▶ AIM OF THE TASK:
Nothing but the lines from the one holding "Foto Air hovercraft" to the final line of the listing below, both included, should be repeated, and each must match exactly. Omit pictures.

***** STORED DATA *****

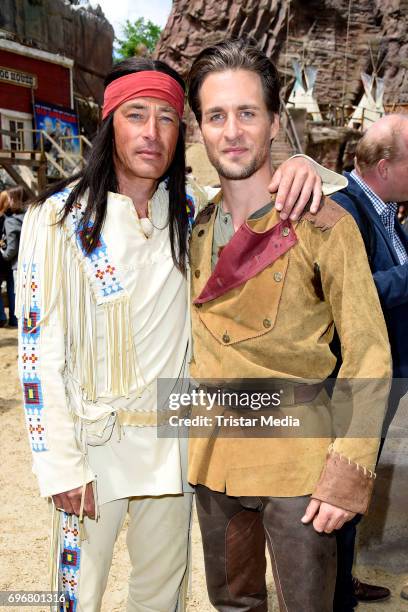 Jan Sosniok and Alexander Klaws attend the Karl May play 'Old Surehand' press rehearsal on June 16, 2017 in Bad Segeberg, Germany.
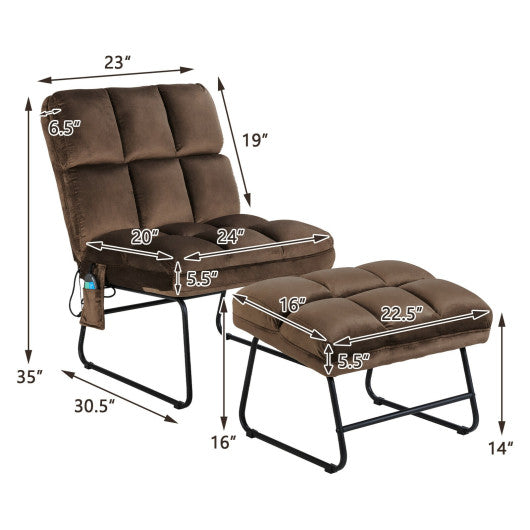 Velvet Massage Recliners with Ottoman Remote Control and Side Pocket-Brown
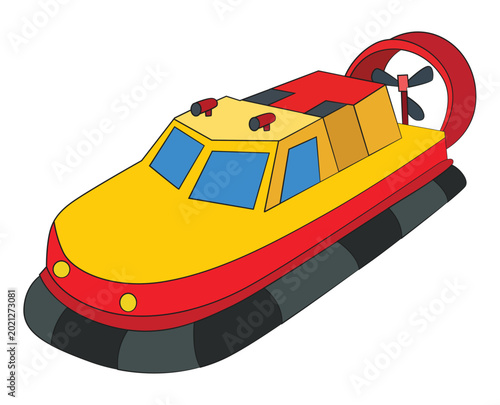 Foto Air hovercraft isolated on white background
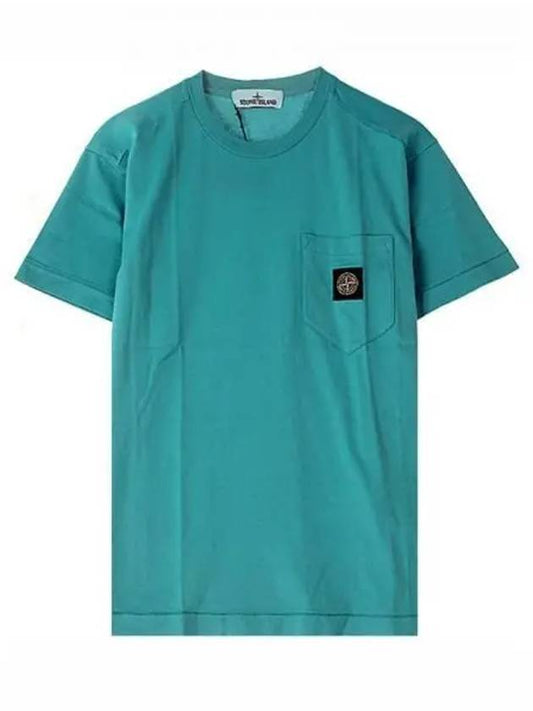 Embroidered Logo Patch Pocket Short Sleeve T-Shirt Light Blue - STONE ISLAND - BALAAN 2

*****

▶ SOLVED PROBLEM:
 Foto Air hovercraft isolated on white background
 Embroidered Logo Patch Pocket Short Sleeve T-Shirt Light Blue - STONE ISLAND - BALAAN 2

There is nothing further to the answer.